- Work to be completed
With the pictures left out, print exactly the lines below that run from the one containing "Low angle view" through the one containing "Image of goat".

- Records shown
• • • • •
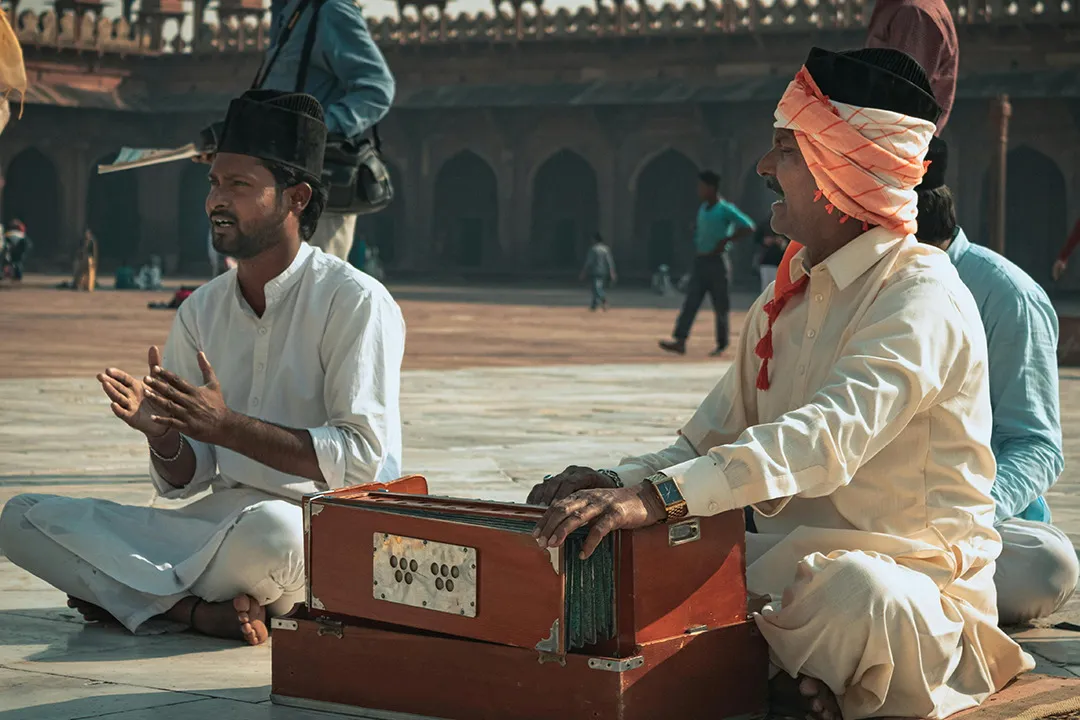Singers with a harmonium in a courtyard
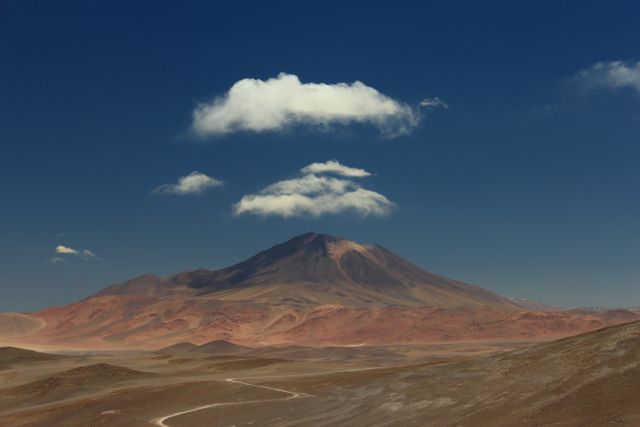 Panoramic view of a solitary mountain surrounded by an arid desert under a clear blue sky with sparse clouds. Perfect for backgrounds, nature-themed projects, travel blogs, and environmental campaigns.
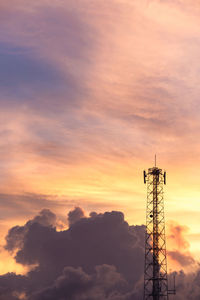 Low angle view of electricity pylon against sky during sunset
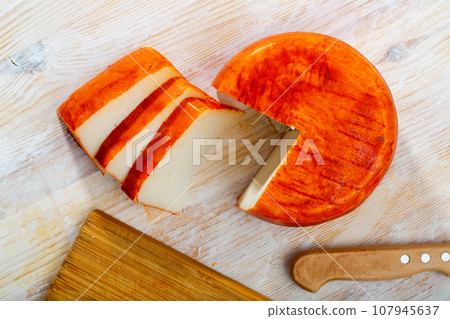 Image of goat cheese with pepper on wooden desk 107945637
• • • • •
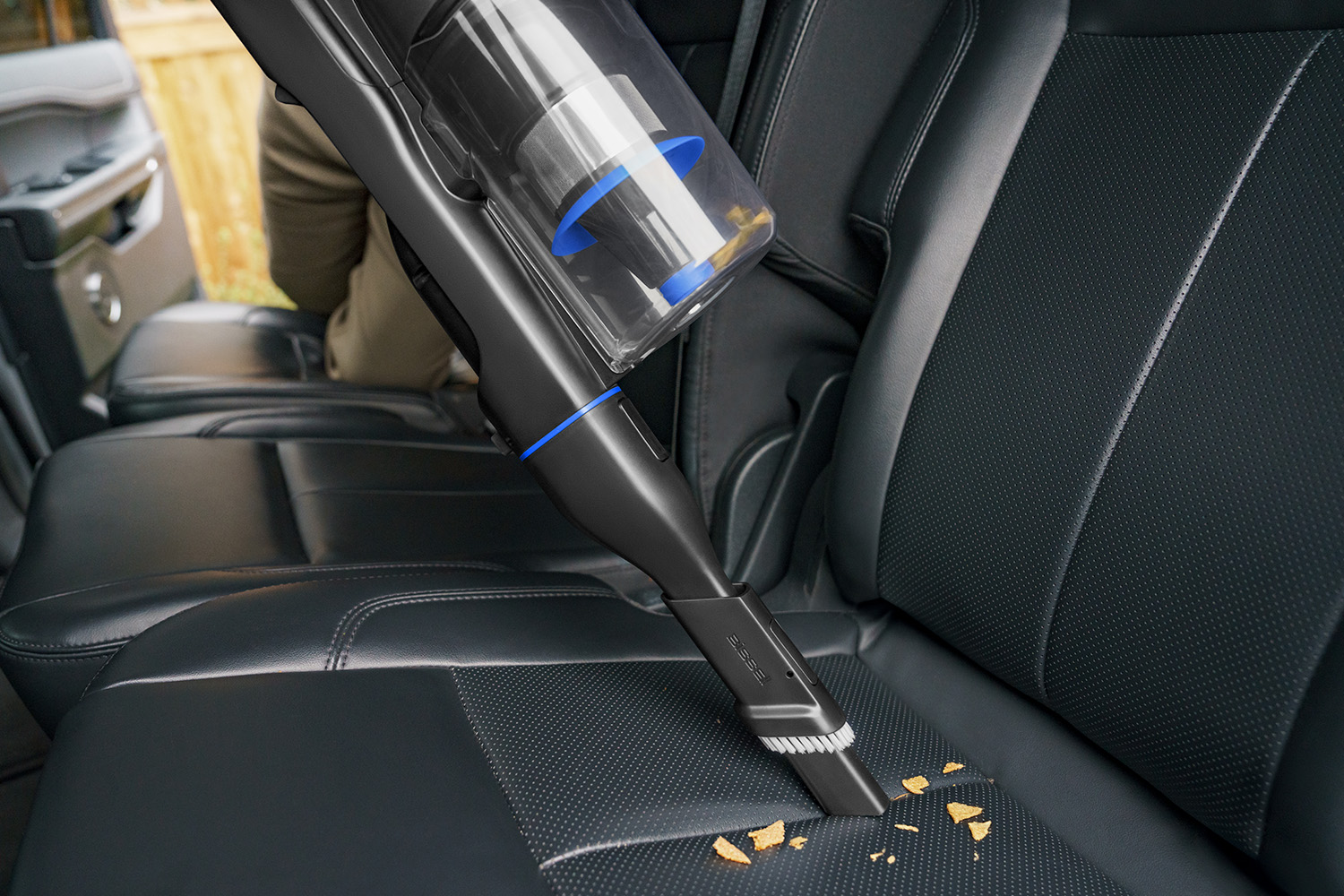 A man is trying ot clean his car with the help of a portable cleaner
• • • • •
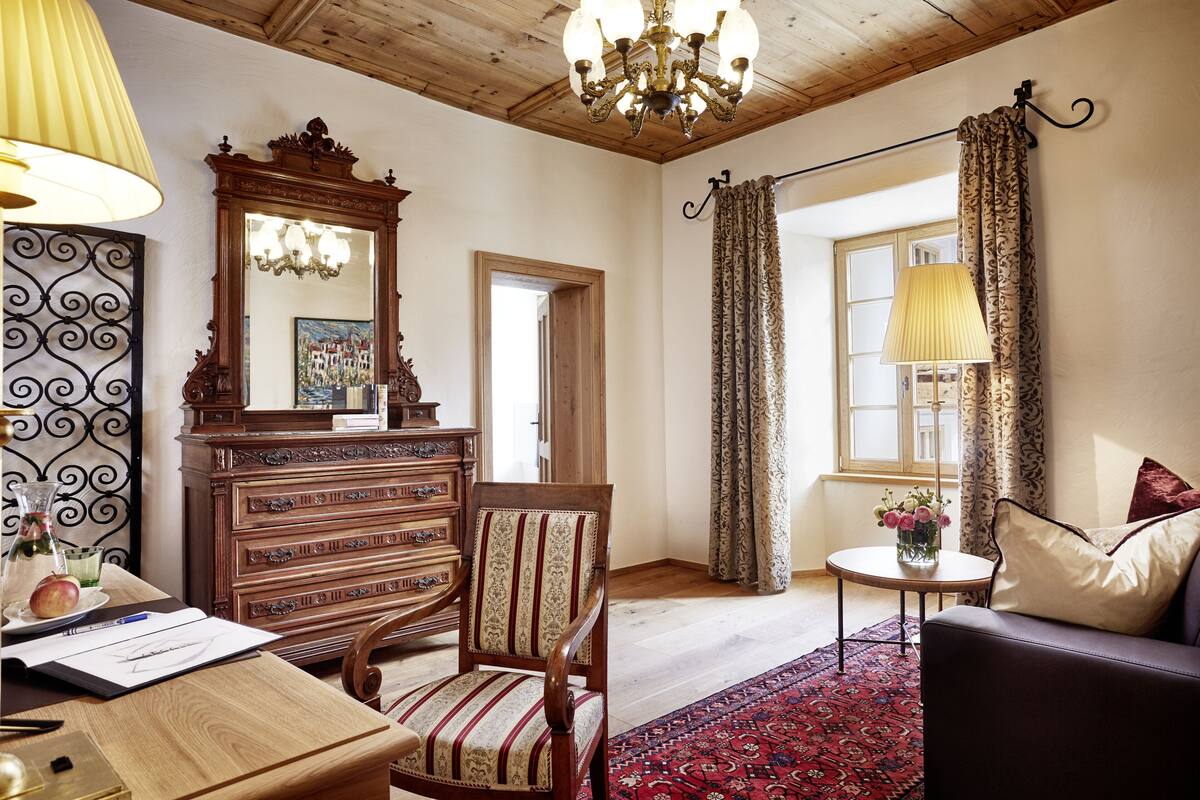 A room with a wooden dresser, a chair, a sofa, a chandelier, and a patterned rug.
• • • • •
- Your response
 Low angle view of electricity pylon against sky during sunset
 Image of goat cheese with pepper on wooden desk 107945637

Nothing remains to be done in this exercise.